Even when you throw facts in their face they'd still pretend they didn't see it. That's called willful ignorance.


----------



## Sadgoob (Jan 27, 2017)

Turrin said:


> I don't see how someone whose being intellectually honest can question how it's possible that Jiraiya could combat Itachi after the Kabuto fight & DBIV.



I don't see how someone who's being intellectually honest could compare Jiraiya starting in base to Naruto or Kabuto starting in base, as the latter two showed far superior skills and methods in getting into Sage Mode. If Itachi truly wanted base War Naruto or base Kabuto dead before they entered Sage Mode, he has a decent shot of doing it. Jiraiya has much worse chances.

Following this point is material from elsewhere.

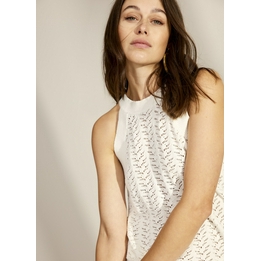 Overview second image: Summum top mouwloos off white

I don't see how someone who's being intellectually honest could compare Sage Jiraiya to Sage Naruto or Kabuto. Pain Arc Sage Naruto was killing Pain bodies left and right while Sage Jiraiya ran away and relied on his summons' genjutsu. Those same summons that saved Jiraiya flat out stated Naruto surpassed Jiraiya. And War Arc Sage Naruto & Kabuto were different beasts _entirely._

I don't see how someone who's being intellectually honest can acknowledge that the Sharingan can control summons, ninja, tailed beasts, and that Sage Kabuto himself cut off his vision against Itachi for fear of being controlled, but Itachi couldn't control Shima or Fukasaku that have zero knowledge of Itachi.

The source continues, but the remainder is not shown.